» **Supplied material**
──────────

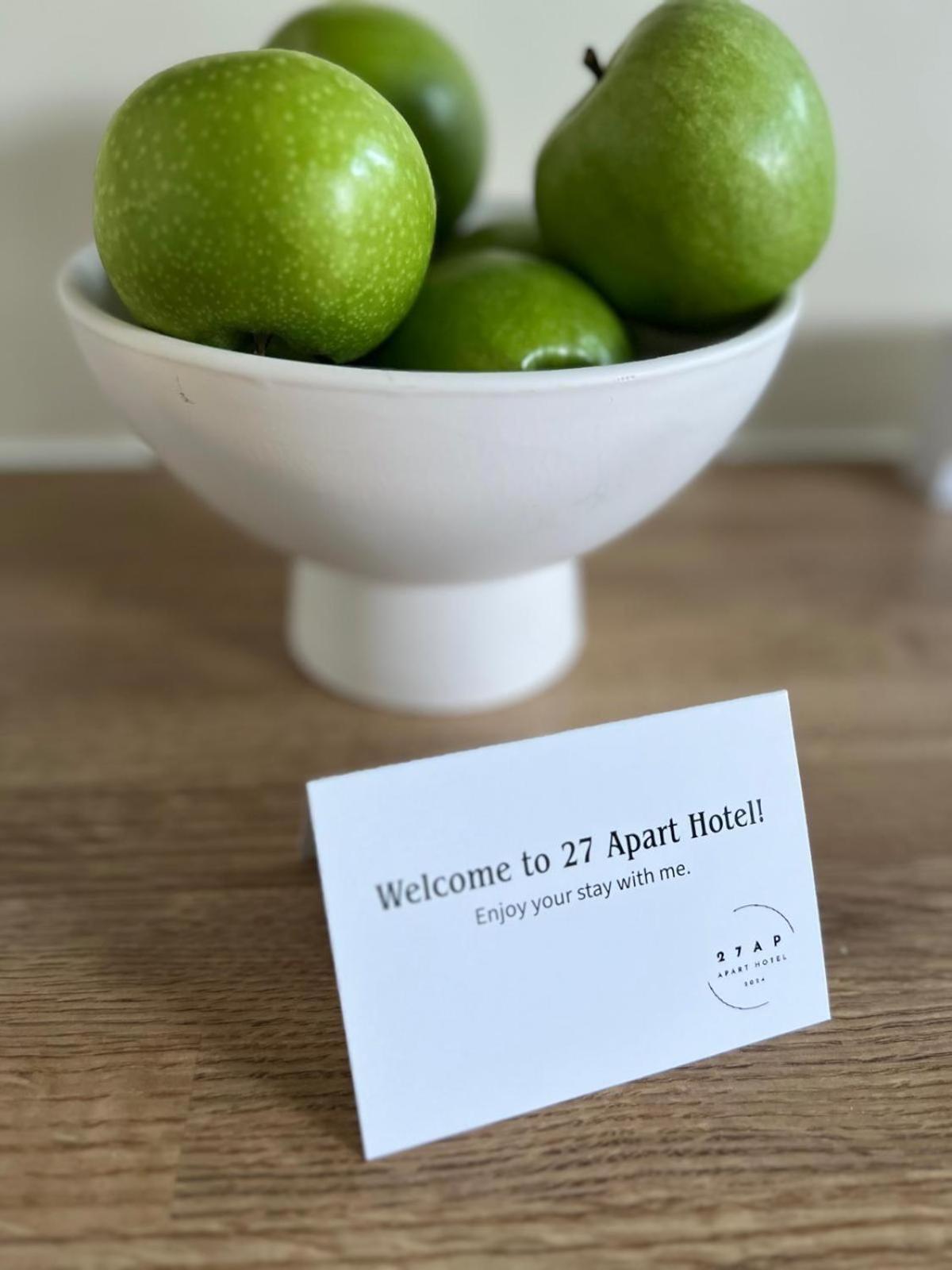 Apartament 27 Ap Romantic Nest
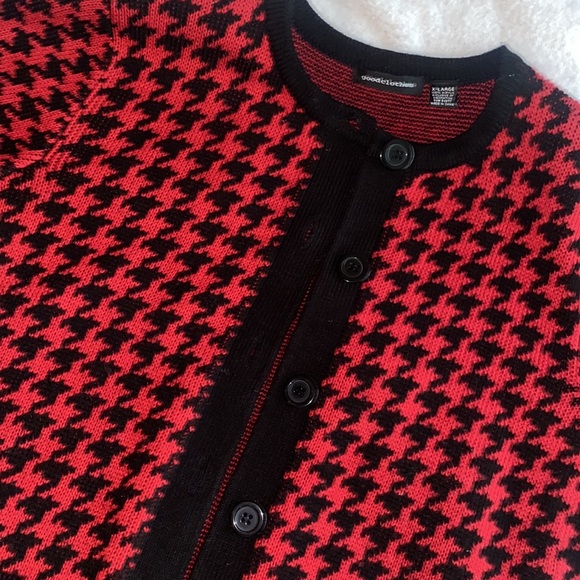 HOUNDSTOOTH SWEATER - Picture 2 of 5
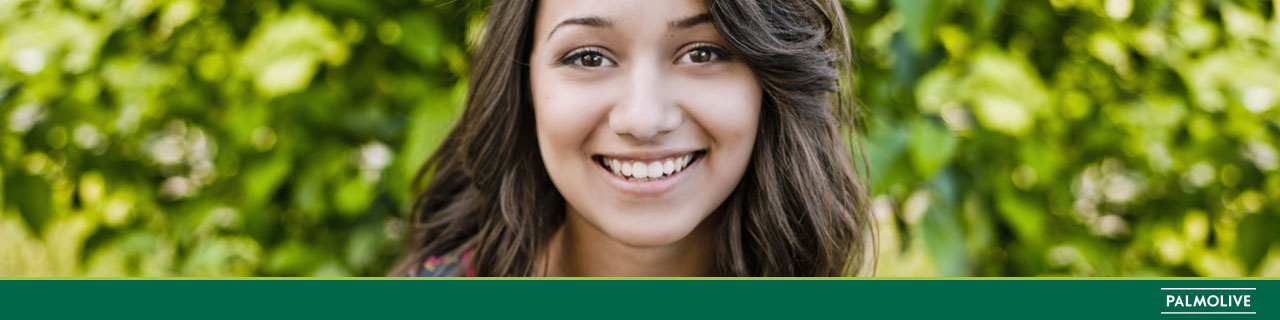 Mulher sorrindo e com o cabelo tratado por produtos para o cabelo crescer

──────────

» **Aim of the exercise**
Leaving out the pictures, output each line above exactly as it is.

» **Result below**
 Apartament 27 Ap Romantic Nest
 HOUNDSTOOTH SWEATER - Picture 2 of 5
 Mulher sorrindo e com o cabelo tratado por produtos para o cabelo crescer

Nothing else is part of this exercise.